## [Problem to solve]
Your answer is the lines below, exactly, from the one that contains "Clint Eastwood The" through the one that contains "일자리 대응 직무전환", both included.

## [Supplied data]
------------------------

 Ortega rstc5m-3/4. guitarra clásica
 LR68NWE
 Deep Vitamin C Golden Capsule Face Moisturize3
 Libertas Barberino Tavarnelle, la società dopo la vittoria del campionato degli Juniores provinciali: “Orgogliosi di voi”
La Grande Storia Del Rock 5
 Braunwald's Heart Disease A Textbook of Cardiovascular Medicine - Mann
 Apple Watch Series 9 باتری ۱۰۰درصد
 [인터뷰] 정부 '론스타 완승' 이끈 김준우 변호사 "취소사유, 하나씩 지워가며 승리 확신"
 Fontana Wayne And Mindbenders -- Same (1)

------------------------

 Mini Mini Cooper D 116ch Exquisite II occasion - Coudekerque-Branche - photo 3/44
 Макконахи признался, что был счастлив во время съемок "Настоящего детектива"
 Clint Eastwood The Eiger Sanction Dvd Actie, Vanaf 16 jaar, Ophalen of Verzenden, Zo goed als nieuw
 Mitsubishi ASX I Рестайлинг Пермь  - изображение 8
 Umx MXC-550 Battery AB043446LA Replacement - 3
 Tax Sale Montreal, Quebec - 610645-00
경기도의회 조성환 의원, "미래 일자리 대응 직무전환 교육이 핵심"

------------------------

## [Completed task]
 Clint Eastwood The Eiger Sanction Dvd Actie, Vanaf 16 jaar, Ophalen of Verzenden, Zo goed als nieuw
 Mitsubishi ASX I Рестайлинг Пермь  - изображение 8
 Umx MXC-550 Battery AB043446LA Replacement - 3
 Tax Sale Montreal, Quebec - 610645-00
경기도의회 조성환 의원, "미래 일자리 대응 직무전환 교육이 핵심"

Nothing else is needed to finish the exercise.